La solution passe dès lors, comme cela fut le cas depuis 1978, par un processus de changement plutôt qu’une rupture, par des expérimentations plutôt qu’un plan stratégique, par la flexibilité en fonction des circonstances plutôt qu’un calendrier rigide. Il n’y aura pas de big bang associant réforme fiscale, désendettement des collectivités et des banques, restructuration des entreprises d’État, réforme agraire et abandon de la politique de l’enfant unique. Mais la transition va être engagée sur deux fronts. Au plan national, la mise en garde sur les dangers du surendettement se traduira par le soutien de l’État aux collectivités en échange d’un contrôle budgétaire pour le futur, la libéralisation progressive des taux d’intérêt, la concurrence entre les banques et la réduction des prêts aux entreprises d’État. La libéralisation financière aura pour pendant la stabilisation des nouvelles classes moyennes par une urbanisation plus respectueuse des individus, la construction d’une protection sociale et la lutte contre la corruption. Au plan régional, Shanghai, dont la zone franche a été lancée le 27 septembre, va devenir le fer de lance et le laboratoire des réformes, à l’instar du Guangdong au début des années 80. Avec trois objectifs : tester une libéralisation accélérée dans 18 secteurs des services ; devenir le vecteur de l’internationalisation du yuan ; concurrencer Hongkong et Singapour avec la création d’une place financière offshore.

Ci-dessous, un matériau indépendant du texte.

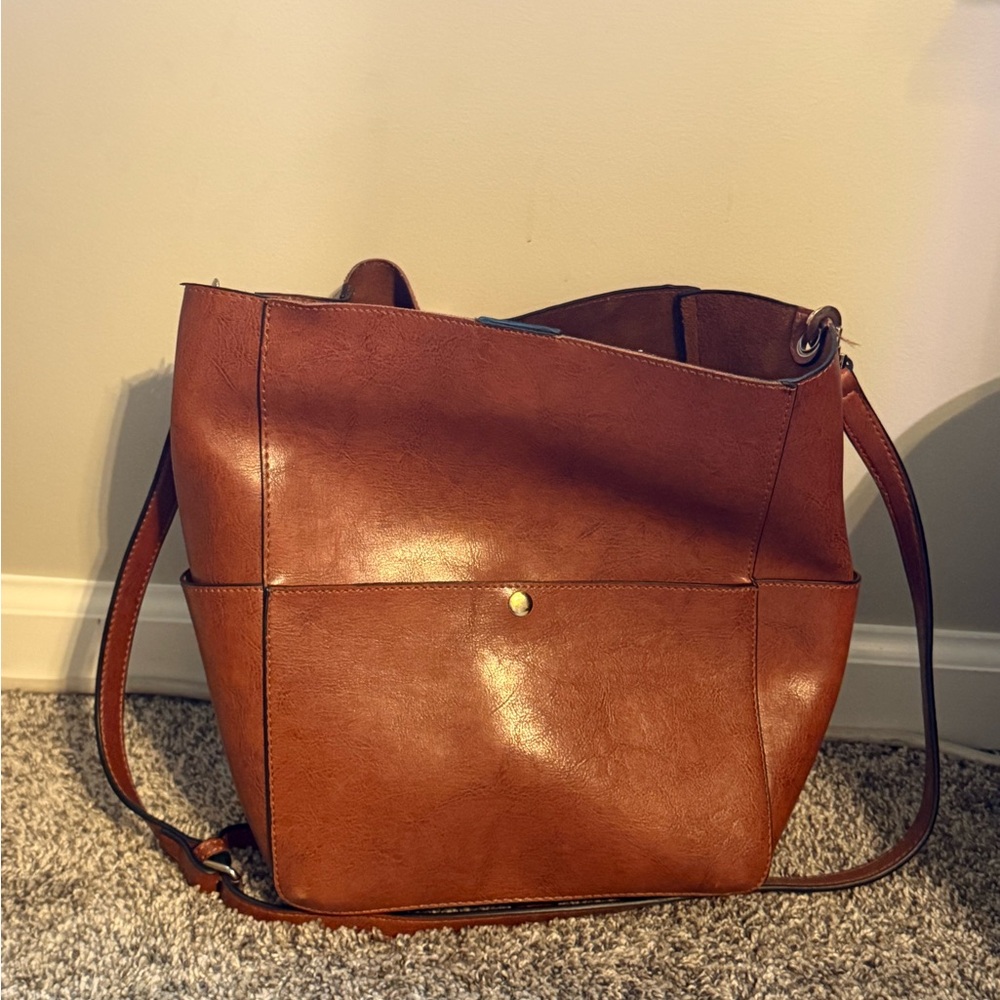 Elegant Brown Leather Tote Bag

La nouvelle direction chinoise a fait le choix des réformes. Elle dispose d’une stratégie -le marché à l’intérieur et l’insertion dans la mondialisation à l’extérieur- et d’une méthode – la dissociation progressive entre le domaine de l’État, d’un côté, l’économie et la société, de l’autre. La transition vers une croissance moins intensive mais plus qualitative et équilibrée est parfaitement possible, même si elle doit conjurer les risques propres à l’extension du marché et à l’ouverture du compte de capital. De sa réussite dépend la pérennité des Trente Glorieuses de la Chine, mais aussi de la reprise mondiale.